I would buy other cards than nvidia if they had proper open source 3d drivers (but there is any)
Here is only one example with sis (xgi)
Despite the cute Linux logos on their Linux drivers page, SiS is unfortunately one of those companies that do not support Linux or X.org/XFree86. They don't (and will not) release any documentation on their products (with a few exceptions) and write drivers only for Microsoft's DOS-extensions (called "Windows" by many people; and yes, "Windows" is a trademark). Although they have released XFree86 drivers previously and have released a (binary) driver for the SiS650, these are and were heavily buggy and not developed any further from a certain point. In other words: Their XFree86 drivers are useless. If you have a notebook, you don't even need to consider trying them.
Although I never signed any NDA, I managed to get some information after a couple of months bugging them, but not only has this information been incomplete, it was even simply wrong sometimes. Even though some SiS employees are into Linux and/or X.org/XFree86, the official corporate position seems to be strictly "No Linux". This policy goes even as far as the graphics department is keeping information secret from other employees.

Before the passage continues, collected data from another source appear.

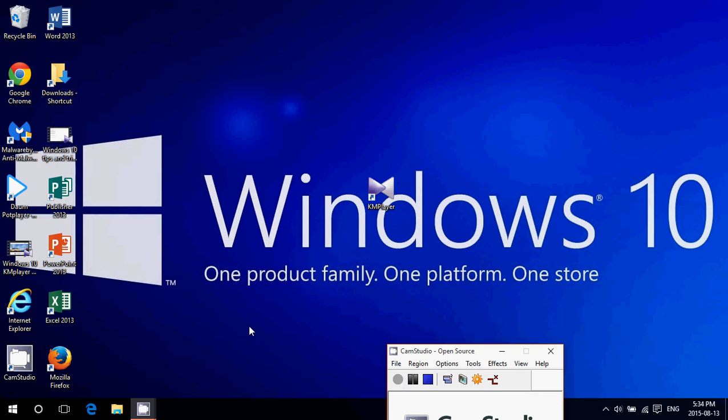Welcome to this Windows channel and today we're going to have in this tips and tricks episode a little tip on how to increase text size in Windows 10.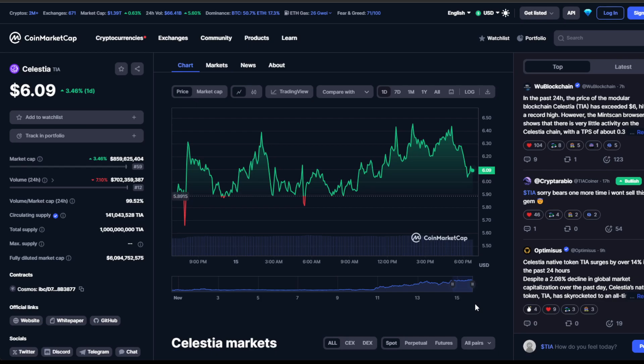Yesterday, after a flirtation around $5.50, we found solid ground at $5, a level we discussed in the previous video. This support led to a bullish breakout, propelling Celestia to $6.50, just as we predicted.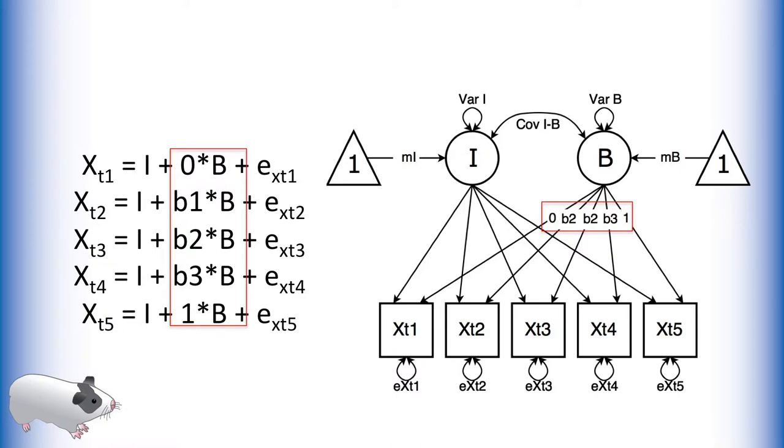We then allow all loadings in between to vary freely. In this way we can account for many growth behaviors. Now let's try this model in OpenMx.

and scroll down a little and read this
# DRI is only supported on the 300 series (300/305, 630, 730). A DRI driver for the SiS 300 series is provided by XFree86 4.1, 4.2(.1), XFree86 4.4 and X.org 6.7.0 and later. XFree86 4.3 does not contain a SiS DRI driver; However, installing the drivers from 4.2(.1) works well.
# Once again: There is no DRI/OpenGL/3D support for the SiS 6326, 5597/5598, 530/620, 315, 550, 650, M650, 651, 740, 330, 661FX, M661FX/MX, 741, 760.
Originally posted by Darin From my point of view I have to agree with them, I don't want them going out of business just to meet my demands. So lets hear some solid arguments for Open-Source that will help NVidia change their minds. This was actually what I was hoping to inspire in my original post in this thread.
You don't want them going out of business... Well... Who have ever said that? Do you actually believe that they could go out of business if they make their code and hardware specification Free and Open? The worst that could happen to them (since this kind of market has huge entry barriers) is having more competitors. Having more competition shouldn't be something we have to pray for...
Having a law system that enforce companies to release hardware specification would be great but... Their lobby has too much influence to make it happen.
Originally posted by Darin From my point of view I have to agree with them
I still don't understand a thing... From YOUR point of view? How can you agree with THEM from YOUR point of view. Wouldn't be in your interest to have more competition and lower price? The funny (actually sad) thing IMO is that lots of you talk like competition is NOT normal. That lots talk like a company that is allowed to do anything it wants in order to reduce competition is normal and the worst is that lots are fine with it...
Originally posted by Dummy-in-Linux I agree, if there are more games the Linux platform will be more accepted.
It is a bit funny that an operating system stands or falls with the availability of games.
Linux can run almost every Windows game though Cedega (a specialized Wine-based project) with little noticible difference in most cases. I take my Linux box to LAN parties and when you're in the game nobody can tell that you're not using Windows. WC3:FT, Steam (Counter-Strike), BF1942, BFV, and DAoC all run prefectly on my Linux box. Thank you nVidia for providing good drivers! I wish ATI would follow their lead and provide better Linux drivers for their cards.